Question 3. We now review k-fold cross-validation.

(a) Explain how k-fold cross-validation is implemented.

Divide the dataset into K equal folds and train the model with k-1 folds while the remaining 1-fold is the validation or testing set. Train the model and evaluate on the validation set and then check performance metrics such as accuracy and MSE for each k iteration. To see overall performance get the average of the k performance scores.

(b) What are the advantages and disadvantages of k-fold cross validation relative to:

i. The validation set approach?

Advantages of k-fold have more stable results with reduced variance in performance, is less prone to overfitting, and utilizes the entire dataset that can reduce bias in the model evaluation. Disadvantages are it is more computationally intensive, complex, and can lead to data leakage if preprocessing is done incorrectly.

ii. LOOCV?

The advantages are that K-fold is computationally faster, has a lower variance, and is more robust.
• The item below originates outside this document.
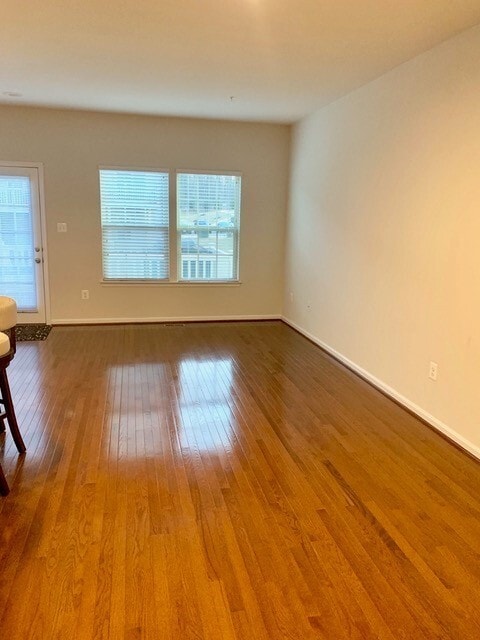 Building Photo - Gorgeous brick front 3bd 2/2bth townhouse ...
Disadvantages are that k-fold can be less accurate, more biased, and requires a choice of k.

Question 5. In Chapter 4, we used logistic regression to predict the probability of default using income and balance on the Default data set. We will now estimate the test error of this logistic regression model using the validation set approach. Do not forget to set a random seed before beginning your analysis.
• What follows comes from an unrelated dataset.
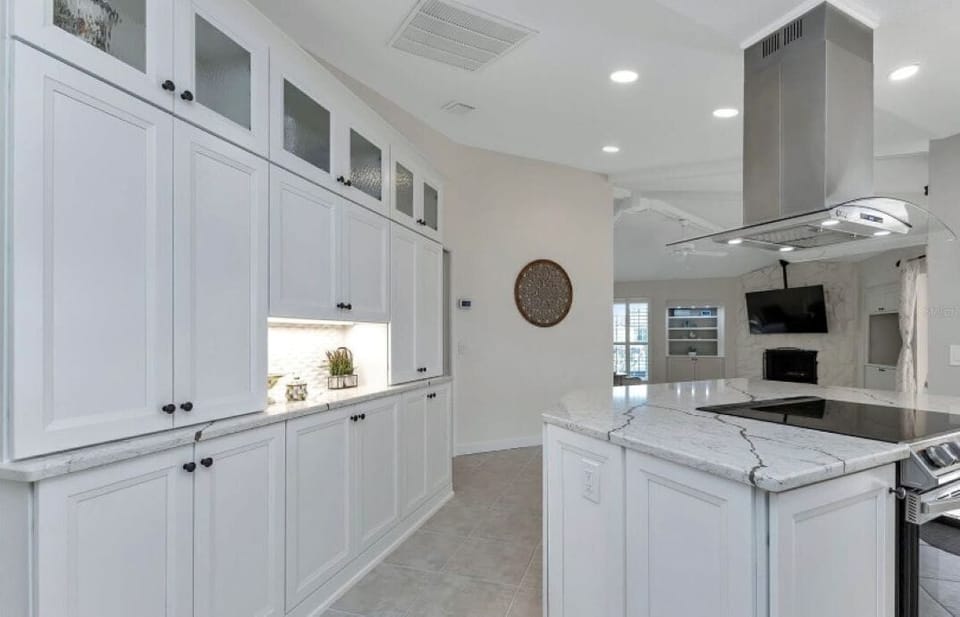 HUGE KITCHEN WITH CENTER ISLAND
(a) Fit a logistic regression model that uses income and balance to predict default.

library(ISLR)
## Warning: package 'ISLR' was built under R version 4.3.3
library(ISLR2)
## Warning: package 'ISLR2' was built under R version 4.3.3
## 
## Attaching package: 'ISLR2'
## The following objects are masked from 'package:ISLR':
## 
##     Auto, Credit
set.seed(1)
glm.fit <- glm(default ~ income + balance, data = Default, family = "binomial")
summary(glm.fit)
## 
## Call:
## glm(formula = default ~ income + balance, family = "binomial", 
##     data = Default)
## 
## Coefficients:
##               Estimate Std. Error z value Pr(>|z|)    
## (Intercept) -1.154e+01  4.348e-01 -26.545  < 2e-16 ***
## income       2.081e-05  4.985e-06   4.174 2.99e-05 ***
## balance      5.647e-03  2.274e-04  24.836  < 2e-16 ***
## ---
## Signif. codes:  0 '***' 0.001 '**' 0.01 '*' 0.05 '.' 0.1 ' ' 1
## 
## (Dispersion parameter for binomial family taken to be 1)
## 
##     Null deviance: 2920.6  on 9999  degrees of freedom
## Residual deviance: 1579.0  on 9997  degrees of freedom
## AIC: 1585
## 
## Number of Fisher Scoring iterations: 8

(b) Using the validation set approach, estimate the test error of this model. In order to do this, you must perform the following steps:

i. Split the sample set into a training set and a validation set.

n <- nrow(Default)
train <- sample(1:n, size = 0.8 * n)
test <- setdiff(1:n, train)

ii. Fit a multiple logistic regression model using only the training observations.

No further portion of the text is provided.